2011 Bullett Benefits...in no particular order
It costs a lot of money to run Mike Geokan's 139" Turbo Harley at Bonneville...Hotels, food, fuel, entry fees, engine and bike preparation....the list goes on and on. Thousands of dollars to go play on the great white dyno, get the hell out of town, eat casino food and go fast. Getting everyone together to support the effort also takes a lot of time, money, and energy. A benefit for Mike and Bryan seemed to be the best way to let people see the race bikes, meet the riders, and have a damn good time. Bob-T from Chop-n-Grind Racing came up to judge the bike show and there was a bikini bike wash, a live band, lots of food and drink, vendors, and an auction with the proceeds going to the Bonneville effort.
The first benefit was held in Burley Idaho and a second was held in Boise Idaho.
Clubs began filtering in from all over. People came from out of state, driving many miles to support the benefit. Rolling thunder in the Idaho countryside.
Mike Geokan with Dyan on his record holding (retired) #226 Bonneville bike. Mike let Bryan's son Nick Stock drive it around. Sitting for years while the Bullett was being made, it started right up with a new battery and fluids.
Bonneville T-Shirts, books and photographs were sold to help the cause. Mike's white racing leathers and Bryan's black leathers. There are no decals or logos save the Brother Speed Racing Team on the leathers.
Carl Pelletier of Competition Motorcycles in Boise took the highly specialized 500 hp 139" Bullet engine down to ground zero checking everything and putting in new forged pistons with Peek skirt buttons and Xtreme Performance ceramic and moly coatings and reconditioned the McClure fuel rods and lower end. Carl delivered the motor on Thursday for Sunday's show and it fired up right away with the new battery. It's 1" taller than stock with a 4 3/8" bore and a 4 5/8" stroke. It's an impressive chunk of metal. Bryan Stock and Mike Geokan.
Carl builds and races Top Fuel and Pro Fuel Nitro motors and suggested that he put PEEK skirt buttons on 4 3/8" CP pistons due to the extreme heat and pressures the Bullett will see with minimal warm up time. In Top Fuel the buttons keep the pistons alive as the Nitromethane washes the oil down off the cylinder walls. The PEEK material is really expensive and Carl machines the buttons in house at Competition Motorcycles. Special mill and lathe tooling and a press is required to do the installation. Carl figures the Bullett's gas powered turbo is in the Pro Dragster horsepower range that he has more than 10 years experience with and he has perfected the installation process. It takes a lot of people to make the Bullett run.

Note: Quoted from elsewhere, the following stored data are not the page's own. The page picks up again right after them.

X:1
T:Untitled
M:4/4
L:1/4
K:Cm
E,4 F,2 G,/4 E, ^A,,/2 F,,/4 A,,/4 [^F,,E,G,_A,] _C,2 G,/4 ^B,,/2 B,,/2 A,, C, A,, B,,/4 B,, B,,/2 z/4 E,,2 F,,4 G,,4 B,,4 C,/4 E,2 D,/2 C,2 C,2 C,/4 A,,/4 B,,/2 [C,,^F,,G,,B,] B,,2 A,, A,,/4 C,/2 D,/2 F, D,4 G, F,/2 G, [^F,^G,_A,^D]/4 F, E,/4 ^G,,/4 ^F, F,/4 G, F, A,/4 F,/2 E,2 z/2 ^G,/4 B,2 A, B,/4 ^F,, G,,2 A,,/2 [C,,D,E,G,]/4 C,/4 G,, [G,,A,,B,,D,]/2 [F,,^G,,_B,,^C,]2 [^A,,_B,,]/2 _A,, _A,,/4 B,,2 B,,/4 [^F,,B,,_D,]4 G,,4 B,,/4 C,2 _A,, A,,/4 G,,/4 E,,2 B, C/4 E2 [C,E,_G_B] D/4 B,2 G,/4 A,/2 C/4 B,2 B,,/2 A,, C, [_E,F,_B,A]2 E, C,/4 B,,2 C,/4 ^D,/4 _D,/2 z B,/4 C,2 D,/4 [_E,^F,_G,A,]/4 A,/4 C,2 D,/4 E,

Bryan Stock started up the Bullet and drove it around the parking lot at the Sports Bar after the event was over. You need to have your mind in gear when you roll around a 1000 lb 99" wheelbase bike with 45 degrees of rake.
For 20 bucks a pop Bryan dynoed bikes all day long...the money going to the Bonneville effort.

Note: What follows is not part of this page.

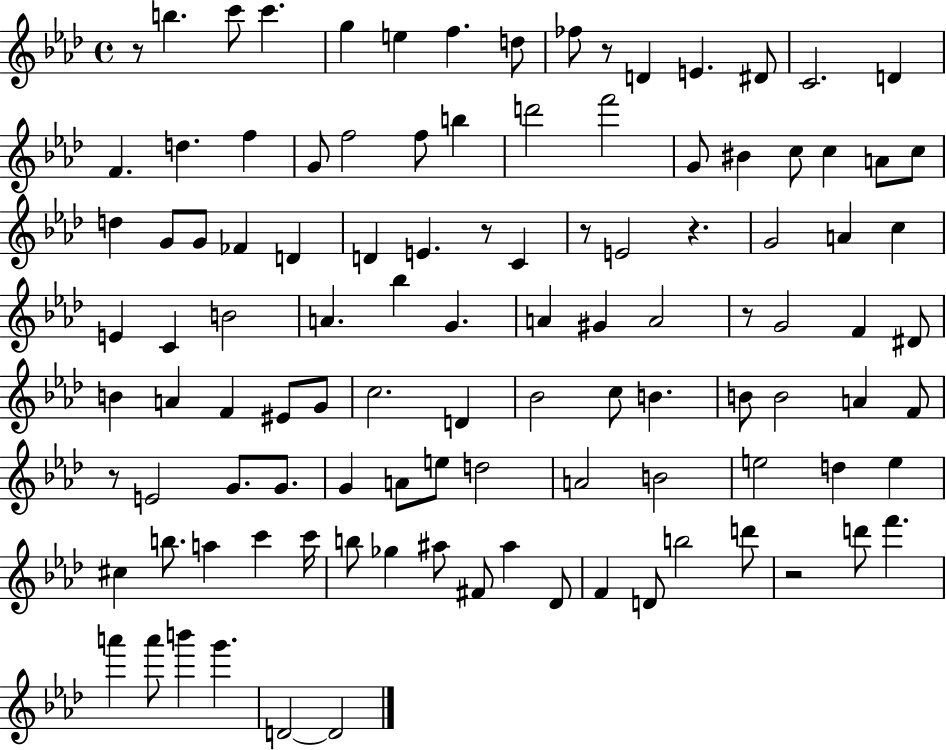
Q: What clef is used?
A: treble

Everything is about art and commitment. At Bonneville the Bullett fits into a long tradition where individual expression and freedom still rule. Run whatcha brung. People marvel at the aluminum bodywork on the Bullett and those in the know understand what it takes to create from scratch. You are either all in or you're out.

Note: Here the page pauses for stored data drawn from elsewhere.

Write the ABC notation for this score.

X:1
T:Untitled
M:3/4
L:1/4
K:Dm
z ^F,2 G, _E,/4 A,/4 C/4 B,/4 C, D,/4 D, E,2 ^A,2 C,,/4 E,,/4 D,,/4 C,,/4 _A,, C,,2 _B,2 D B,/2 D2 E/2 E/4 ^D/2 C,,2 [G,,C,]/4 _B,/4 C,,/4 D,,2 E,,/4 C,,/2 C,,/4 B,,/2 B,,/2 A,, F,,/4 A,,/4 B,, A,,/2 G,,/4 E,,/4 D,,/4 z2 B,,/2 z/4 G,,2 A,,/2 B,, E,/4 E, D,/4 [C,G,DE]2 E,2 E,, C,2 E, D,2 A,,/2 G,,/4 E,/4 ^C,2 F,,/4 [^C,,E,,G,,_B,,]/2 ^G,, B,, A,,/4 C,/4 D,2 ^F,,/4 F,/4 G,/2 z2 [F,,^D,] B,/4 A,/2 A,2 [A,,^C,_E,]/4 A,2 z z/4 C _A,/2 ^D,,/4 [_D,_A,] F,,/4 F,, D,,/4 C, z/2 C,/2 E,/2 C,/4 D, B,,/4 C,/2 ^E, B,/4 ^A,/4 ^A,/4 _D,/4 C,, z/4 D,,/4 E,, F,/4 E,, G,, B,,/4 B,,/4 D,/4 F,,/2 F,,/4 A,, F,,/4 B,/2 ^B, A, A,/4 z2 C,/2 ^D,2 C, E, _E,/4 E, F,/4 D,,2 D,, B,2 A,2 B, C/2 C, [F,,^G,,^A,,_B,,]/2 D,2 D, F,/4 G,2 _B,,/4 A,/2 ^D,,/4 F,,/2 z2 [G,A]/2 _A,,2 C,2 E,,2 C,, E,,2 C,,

All sealed up with tape as delivered by Competition Motorcycles, back in the chassis, and awaiting the myriad of hoses, clamps and electrical connections...and the turbo.
Auction was a big success with many donated items...everything from leather goods to instruments of destruction (thanks Bill). People ponied up and paid big bucks in some spirited bidding...all for a good cause. Gary (right) from the Brother Speed Burley Chapter orchestrated the whole event. It was a big success.
The weather cooperated...Blue skies, warm weather and lots of beer and good music. The Dyno and the band had to take a rest while the auction was going on.
A second benefit was held in Boise, Idaho on 6 August 2011. Mike Geokan got to thank the crowd from the stage for coming out to support the Bonneville effort.